Data extracts ->

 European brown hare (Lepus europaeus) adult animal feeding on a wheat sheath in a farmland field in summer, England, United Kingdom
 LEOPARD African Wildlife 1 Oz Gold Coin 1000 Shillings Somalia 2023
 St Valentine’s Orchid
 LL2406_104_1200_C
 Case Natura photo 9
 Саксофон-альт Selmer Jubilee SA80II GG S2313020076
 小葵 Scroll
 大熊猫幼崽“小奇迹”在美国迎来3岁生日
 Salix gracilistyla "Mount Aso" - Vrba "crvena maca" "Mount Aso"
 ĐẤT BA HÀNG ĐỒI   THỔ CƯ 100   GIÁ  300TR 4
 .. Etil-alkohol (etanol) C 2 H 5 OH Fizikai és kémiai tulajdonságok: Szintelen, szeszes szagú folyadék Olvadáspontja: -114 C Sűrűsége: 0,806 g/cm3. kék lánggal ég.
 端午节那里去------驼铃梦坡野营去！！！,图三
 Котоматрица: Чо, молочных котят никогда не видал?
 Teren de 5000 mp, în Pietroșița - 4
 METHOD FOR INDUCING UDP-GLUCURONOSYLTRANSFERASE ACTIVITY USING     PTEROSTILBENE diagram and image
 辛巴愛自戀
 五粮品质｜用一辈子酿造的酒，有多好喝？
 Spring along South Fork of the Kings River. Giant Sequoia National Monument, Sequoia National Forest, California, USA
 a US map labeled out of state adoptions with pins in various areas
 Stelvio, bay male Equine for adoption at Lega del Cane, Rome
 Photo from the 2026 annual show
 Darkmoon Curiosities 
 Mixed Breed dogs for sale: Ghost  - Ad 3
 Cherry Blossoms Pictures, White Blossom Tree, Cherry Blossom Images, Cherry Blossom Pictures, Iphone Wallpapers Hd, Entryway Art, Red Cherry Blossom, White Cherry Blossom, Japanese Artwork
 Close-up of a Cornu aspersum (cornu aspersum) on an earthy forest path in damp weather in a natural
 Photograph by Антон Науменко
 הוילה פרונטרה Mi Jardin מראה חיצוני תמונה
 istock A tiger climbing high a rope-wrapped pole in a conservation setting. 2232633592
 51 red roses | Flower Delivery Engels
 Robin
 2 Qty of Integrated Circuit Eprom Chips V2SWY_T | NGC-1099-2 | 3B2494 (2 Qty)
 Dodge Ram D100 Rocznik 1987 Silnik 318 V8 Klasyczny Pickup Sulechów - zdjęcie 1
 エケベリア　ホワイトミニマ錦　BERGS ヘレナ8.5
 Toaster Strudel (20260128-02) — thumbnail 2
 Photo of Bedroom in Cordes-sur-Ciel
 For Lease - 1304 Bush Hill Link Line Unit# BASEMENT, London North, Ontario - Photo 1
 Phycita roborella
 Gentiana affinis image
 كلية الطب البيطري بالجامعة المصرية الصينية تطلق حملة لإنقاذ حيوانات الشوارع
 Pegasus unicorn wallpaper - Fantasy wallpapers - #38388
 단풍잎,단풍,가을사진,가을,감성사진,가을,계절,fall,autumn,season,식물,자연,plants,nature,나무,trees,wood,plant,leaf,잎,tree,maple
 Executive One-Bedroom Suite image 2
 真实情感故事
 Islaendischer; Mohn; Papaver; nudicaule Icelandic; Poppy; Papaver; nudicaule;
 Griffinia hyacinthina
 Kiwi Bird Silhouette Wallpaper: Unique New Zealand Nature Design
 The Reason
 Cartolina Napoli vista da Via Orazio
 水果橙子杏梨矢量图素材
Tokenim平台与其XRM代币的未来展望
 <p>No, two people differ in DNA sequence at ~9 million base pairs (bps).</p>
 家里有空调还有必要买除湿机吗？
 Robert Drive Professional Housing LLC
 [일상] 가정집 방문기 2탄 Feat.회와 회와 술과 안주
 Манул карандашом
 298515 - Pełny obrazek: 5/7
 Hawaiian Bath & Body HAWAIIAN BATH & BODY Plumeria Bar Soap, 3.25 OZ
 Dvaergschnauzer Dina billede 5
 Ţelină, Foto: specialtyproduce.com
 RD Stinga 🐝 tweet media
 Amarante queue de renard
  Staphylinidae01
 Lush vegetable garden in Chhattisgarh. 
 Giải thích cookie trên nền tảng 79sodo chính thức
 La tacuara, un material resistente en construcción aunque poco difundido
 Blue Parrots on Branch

Assignment -> Wherever the string "Bedroom" occurs in the records, copy the line it is in.

Result below ->
 Photo of Bedroom in Cordes-sur-Ciel
 Executive One-Bedroom Suite image 2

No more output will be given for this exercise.